== Segment start ==

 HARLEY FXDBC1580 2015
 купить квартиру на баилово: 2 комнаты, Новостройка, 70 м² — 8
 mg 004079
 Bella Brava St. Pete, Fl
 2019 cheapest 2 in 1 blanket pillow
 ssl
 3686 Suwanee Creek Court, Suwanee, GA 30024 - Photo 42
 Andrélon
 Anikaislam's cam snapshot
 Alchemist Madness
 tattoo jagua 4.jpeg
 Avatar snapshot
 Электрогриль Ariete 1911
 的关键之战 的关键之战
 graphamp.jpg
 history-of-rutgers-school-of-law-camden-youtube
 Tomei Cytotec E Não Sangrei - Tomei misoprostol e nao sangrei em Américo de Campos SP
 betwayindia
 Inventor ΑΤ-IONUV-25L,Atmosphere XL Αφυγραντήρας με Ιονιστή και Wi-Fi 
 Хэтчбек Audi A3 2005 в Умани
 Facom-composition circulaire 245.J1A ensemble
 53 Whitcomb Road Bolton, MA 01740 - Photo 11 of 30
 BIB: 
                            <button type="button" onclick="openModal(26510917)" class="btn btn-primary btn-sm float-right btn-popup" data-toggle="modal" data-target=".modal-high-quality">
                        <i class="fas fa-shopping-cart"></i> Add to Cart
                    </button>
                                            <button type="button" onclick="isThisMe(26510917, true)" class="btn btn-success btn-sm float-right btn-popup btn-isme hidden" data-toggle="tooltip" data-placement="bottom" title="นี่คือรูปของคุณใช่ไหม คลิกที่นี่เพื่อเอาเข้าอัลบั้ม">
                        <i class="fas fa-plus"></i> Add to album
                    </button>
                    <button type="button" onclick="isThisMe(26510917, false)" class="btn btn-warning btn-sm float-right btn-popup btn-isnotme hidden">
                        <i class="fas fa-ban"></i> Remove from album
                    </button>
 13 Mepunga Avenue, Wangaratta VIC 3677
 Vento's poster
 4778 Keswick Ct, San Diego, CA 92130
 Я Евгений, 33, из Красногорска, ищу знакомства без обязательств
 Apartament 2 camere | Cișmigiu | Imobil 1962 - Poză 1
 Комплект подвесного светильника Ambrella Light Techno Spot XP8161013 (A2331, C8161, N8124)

== Segment end ==

WHAT TO PRODUCE ▸
An exact repeat of the lines from the one containing "Vento's poster" through the final line of the entries is the whole answer.

RESULT BELOW ▸
 Vento's poster
 4778 Keswick Ct, San Diego, CA 92130
 Я Евгений, 33, из Красногорска, ищу знакомства без обязательств
 Apartament 2 camere | Cișmigiu | Imobil 1962 - Poză 1
 Комплект подвесного светильника Ambrella Light Techno Spot XP8161013 (A2331, C8161, N8124)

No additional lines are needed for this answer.